I am not writing this to preach, as I believe it is futile to teach what you yourself cannot know. I am writing to remind us all that we are all lucky, despite our fights to get here (and our ongoing battles to stay here), we have all gotten to University. We have the freedom to work hard, earn our wealth and have no worries which transcend the mundane. Yet along with this freedom, we are making the mistake of believing our lives are ours for the taking.

The slowest death is one who dies of old age, instead of studying to prevent this certainty, why can’t we focus on making the most of this phenomenon. I know that if Egham Tesco said that they were going to stop selling Krispy Kreme Doughnuts, the last thing we would do is wait until they were dwindling in supplies to stuff our faces. Everyone would buy as many as they could carry at the first hint of an announcement. Why can’t we apply this to life?
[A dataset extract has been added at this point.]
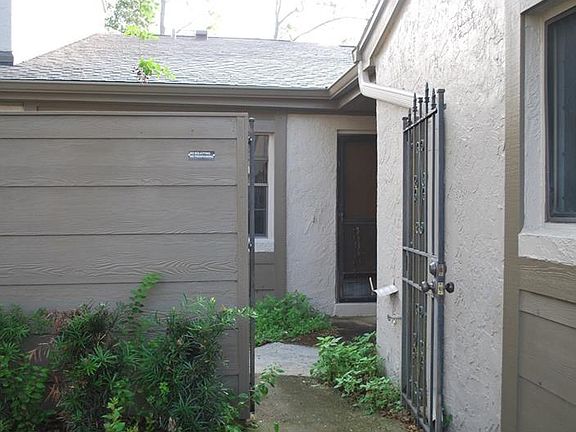 3rd image of 97 Carolwood Blvd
Why waste time studying for something which will inevitably become stale, why aren’t we making a difference before it’s too late?
Such hypocrisy, I sit here typing this, procrastinating from revising for my Maths degree. But let this be a little reassurance, I believe we all have the ability within us to change another being’s life. Whether you can offer a needed friendship, your grandma a shopping trip or a summer volunteering in India. I urge you to eat the doughnuts whilst they’re still there. The only person who is affected in the end is yourself, but if you buy all the doughnuts then you have a choice: to give a doughnut to those who are in need after a crappy day or cripple yourself with obesity. Work that one out… happy doughnut analogies, my friends.